In the material below, find the line containing "21, DERWENT DRIVE, PURLEY, CR8" and the line containing "A medium to", then reproduce exactly both of them and every line between, and nothing else.
[Dataset entries]
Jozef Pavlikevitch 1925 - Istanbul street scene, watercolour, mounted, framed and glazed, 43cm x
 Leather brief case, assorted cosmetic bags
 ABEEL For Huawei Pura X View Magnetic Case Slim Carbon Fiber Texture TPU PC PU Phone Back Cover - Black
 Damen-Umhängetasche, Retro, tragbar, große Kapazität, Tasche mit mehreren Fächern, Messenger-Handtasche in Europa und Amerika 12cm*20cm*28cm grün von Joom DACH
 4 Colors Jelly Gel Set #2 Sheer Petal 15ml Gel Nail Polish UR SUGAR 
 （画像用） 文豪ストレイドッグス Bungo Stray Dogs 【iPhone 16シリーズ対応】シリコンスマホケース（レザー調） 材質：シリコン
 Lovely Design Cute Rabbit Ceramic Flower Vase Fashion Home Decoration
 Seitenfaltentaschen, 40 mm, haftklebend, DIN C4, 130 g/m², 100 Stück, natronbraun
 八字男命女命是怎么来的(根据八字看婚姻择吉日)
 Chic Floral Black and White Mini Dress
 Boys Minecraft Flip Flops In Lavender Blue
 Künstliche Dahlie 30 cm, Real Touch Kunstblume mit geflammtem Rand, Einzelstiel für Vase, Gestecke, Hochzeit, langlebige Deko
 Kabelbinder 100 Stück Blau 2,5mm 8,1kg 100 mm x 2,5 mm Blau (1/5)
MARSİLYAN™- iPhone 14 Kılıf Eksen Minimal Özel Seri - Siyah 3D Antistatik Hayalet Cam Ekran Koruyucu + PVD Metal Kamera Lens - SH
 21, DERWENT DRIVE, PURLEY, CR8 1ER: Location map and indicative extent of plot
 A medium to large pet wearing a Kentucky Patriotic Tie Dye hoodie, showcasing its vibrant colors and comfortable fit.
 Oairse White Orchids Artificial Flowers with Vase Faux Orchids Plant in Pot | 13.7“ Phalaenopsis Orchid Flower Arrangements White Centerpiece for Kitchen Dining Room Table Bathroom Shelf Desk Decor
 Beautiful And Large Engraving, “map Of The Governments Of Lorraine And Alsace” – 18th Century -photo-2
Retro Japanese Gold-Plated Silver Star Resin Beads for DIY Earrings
[/Dataset entries]
Reply to the exercise »
 21, DERWENT DRIVE, PURLEY, CR8 1ER: Location map and indicative extent of plot
 A medium to large pet wearing a Kentucky Patriotic Tie Dye hoodie, showcasing its vibrant colors and comfortable fit.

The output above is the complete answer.